● Given data
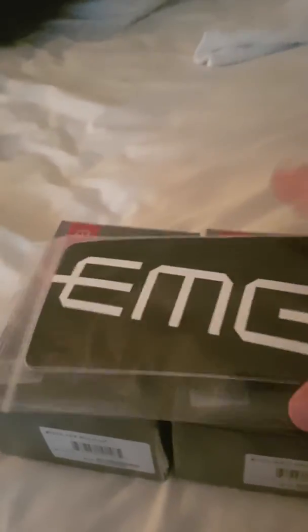I bought a toggle switch — not the EMG easy-access one, just a regular toggle switch. It looks like it comes with a nice little EMG sticker, which is probably going to go on my guitar case.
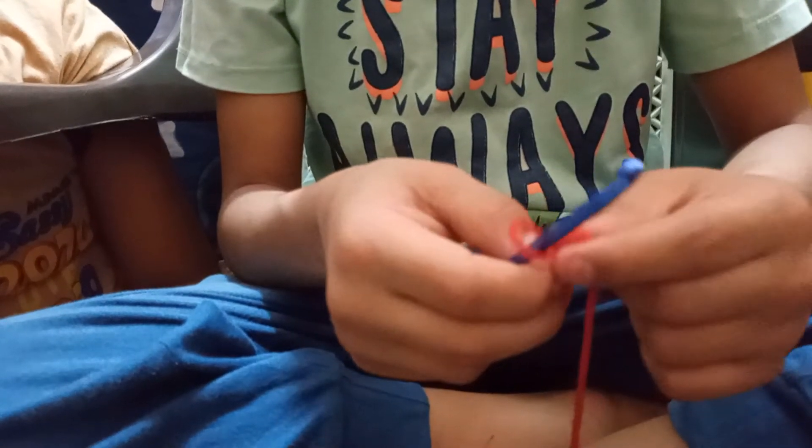Look! First, we put it like this. And after, we put it like this. And we make like this.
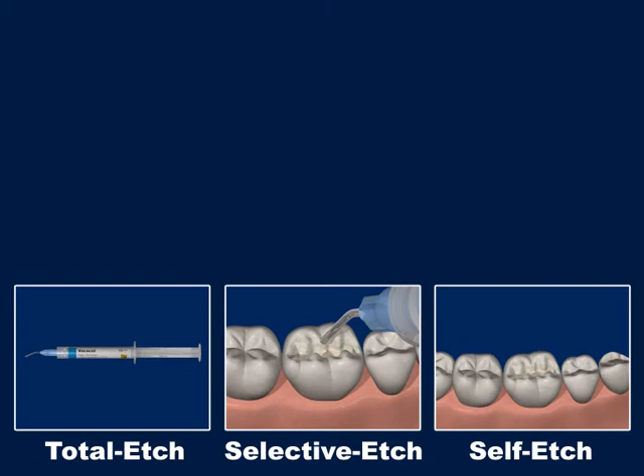Total Edge, Selective Edge, Self Edge. If you use the Universal Bonding Futura Bond U, you have a free choice of edging technique. Total Edge, Selective Edge, or Self Edge — everything is possible.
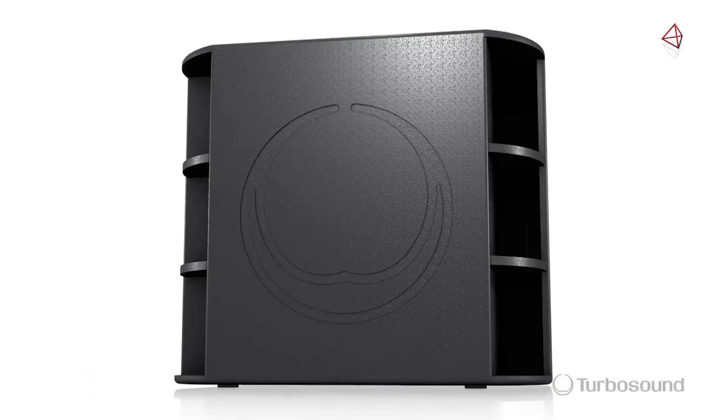Hi everybody, I'm Eric from Turbosound. Thanks for joining me here at Music Group Studios. Today I want to talk about the M18B.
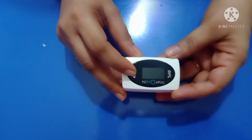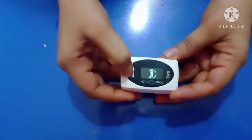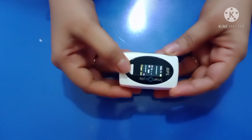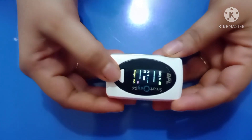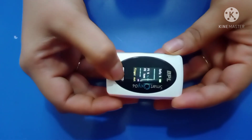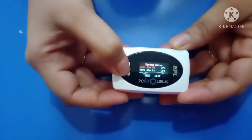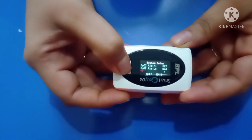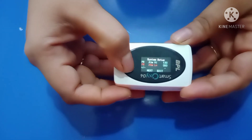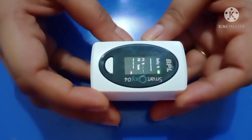This is the switch on and off button. When you turn it on, it shows various parameters which it measures along with the unit. There are various settings available too. There is also a power indicator.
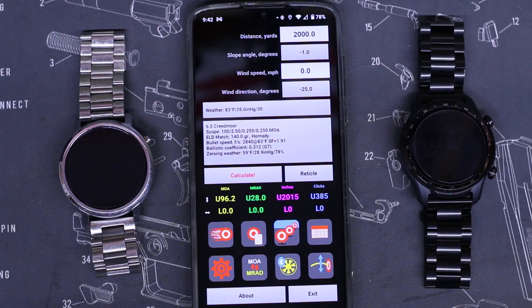Hey guys, I wanted to help some people set up their watch with the Strelok app. I noticed on their website and on the Play Store that it supports Wear OS 2.2, so this is Android only.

● Instructions to follow
Each line between the one holding "Hi everybody, I'm" and the one holding "This is the", inclusive, should be copied exactly as it appears above, and pictures should be omitted.

● Completed exercise
Hi everybody, I'm Eric from Turbosound. Thanks for joining me here at Music Group Studios. Today I want to talk about the M18B.
This is the switch on and off button. When you turn it on, it shows various parameters which it measures along with the unit. There are various settings available too. There is also a power indicator.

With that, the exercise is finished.